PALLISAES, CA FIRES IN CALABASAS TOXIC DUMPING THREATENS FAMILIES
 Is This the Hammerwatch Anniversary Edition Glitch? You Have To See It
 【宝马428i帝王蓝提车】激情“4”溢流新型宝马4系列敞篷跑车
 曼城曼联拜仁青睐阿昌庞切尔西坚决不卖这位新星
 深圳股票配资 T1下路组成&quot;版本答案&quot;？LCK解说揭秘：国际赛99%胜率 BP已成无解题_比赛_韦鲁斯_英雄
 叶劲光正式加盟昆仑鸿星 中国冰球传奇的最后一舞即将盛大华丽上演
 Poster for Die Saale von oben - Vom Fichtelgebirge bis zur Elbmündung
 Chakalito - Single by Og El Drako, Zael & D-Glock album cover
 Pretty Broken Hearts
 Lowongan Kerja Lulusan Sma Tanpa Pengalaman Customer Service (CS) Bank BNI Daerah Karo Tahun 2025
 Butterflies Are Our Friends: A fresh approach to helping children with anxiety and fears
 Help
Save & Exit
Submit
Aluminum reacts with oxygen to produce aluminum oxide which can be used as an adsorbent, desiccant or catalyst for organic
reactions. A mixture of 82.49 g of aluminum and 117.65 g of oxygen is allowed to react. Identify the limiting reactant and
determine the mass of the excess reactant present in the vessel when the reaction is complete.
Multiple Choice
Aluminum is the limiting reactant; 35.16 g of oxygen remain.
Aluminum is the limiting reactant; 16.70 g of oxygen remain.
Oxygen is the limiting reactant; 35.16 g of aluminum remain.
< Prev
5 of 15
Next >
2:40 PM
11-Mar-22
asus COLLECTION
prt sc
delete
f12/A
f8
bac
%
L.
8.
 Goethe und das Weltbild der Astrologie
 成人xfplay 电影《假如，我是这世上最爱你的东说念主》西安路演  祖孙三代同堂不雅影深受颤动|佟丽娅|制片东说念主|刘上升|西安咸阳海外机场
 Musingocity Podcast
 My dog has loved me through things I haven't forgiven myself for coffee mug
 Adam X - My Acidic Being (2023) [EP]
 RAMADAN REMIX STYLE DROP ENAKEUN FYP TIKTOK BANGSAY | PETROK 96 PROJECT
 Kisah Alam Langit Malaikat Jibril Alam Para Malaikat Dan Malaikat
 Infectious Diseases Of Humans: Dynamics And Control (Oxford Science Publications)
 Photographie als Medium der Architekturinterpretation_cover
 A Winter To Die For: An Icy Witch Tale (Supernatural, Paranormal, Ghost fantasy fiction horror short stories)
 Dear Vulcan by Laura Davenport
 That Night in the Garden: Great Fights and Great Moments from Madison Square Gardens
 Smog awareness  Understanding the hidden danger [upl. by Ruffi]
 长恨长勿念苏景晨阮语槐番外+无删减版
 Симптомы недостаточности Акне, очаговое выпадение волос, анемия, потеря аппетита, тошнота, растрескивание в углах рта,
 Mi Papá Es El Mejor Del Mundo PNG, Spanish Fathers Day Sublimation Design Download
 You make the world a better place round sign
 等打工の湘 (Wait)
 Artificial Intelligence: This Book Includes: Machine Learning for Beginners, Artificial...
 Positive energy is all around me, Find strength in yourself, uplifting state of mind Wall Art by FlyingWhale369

++++++++

EXERCISE OBJECTIVE
Starting at the line that contains "Aluminum reacts with" and stopping after the line that contains "Infectious Diseases Of", write out every line exactly as it appears above, and no other line.

REPLY
Aluminum reacts with oxygen to produce aluminum oxide which can be used as an adsorbent, desiccant or catalyst for organic
reactions. A mixture of 82.49 g of aluminum and 117.65 g of oxygen is allowed to react. Identify the limiting reactant and
determine the mass of the excess reactant present in the vessel when the reaction is complete.
Multiple Choice
Aluminum is the limiting reactant; 35.16 g of oxygen remain.
Aluminum is the limiting reactant; 16.70 g of oxygen remain.
Oxygen is the limiting reactant; 35.16 g of aluminum remain.
< Prev
5 of 15
Next >
2:40 PM
11-Mar-22
asus COLLECTION
prt sc
delete
f12/A
f8
bac
%
L.
8.
 Goethe und das Weltbild der Astrologie
 成人xfplay 电影《假如，我是这世上最爱你的东说念主》西安路演  祖孙三代同堂不雅影深受颤动|佟丽娅|制片东说念主|刘上升|西安咸阳海外机场
 Musingocity Podcast
 My dog has loved me through things I haven't forgiven myself for coffee mug
 Adam X - My Acidic Being (2023) [EP]
 RAMADAN REMIX STYLE DROP ENAKEUN FYP TIKTOK BANGSAY | PETROK 96 PROJECT
 Kisah Alam Langit Malaikat Jibril Alam Para Malaikat Dan Malaikat
 Infectious Diseases Of Humans: Dynamics And Control (Oxford Science Publications)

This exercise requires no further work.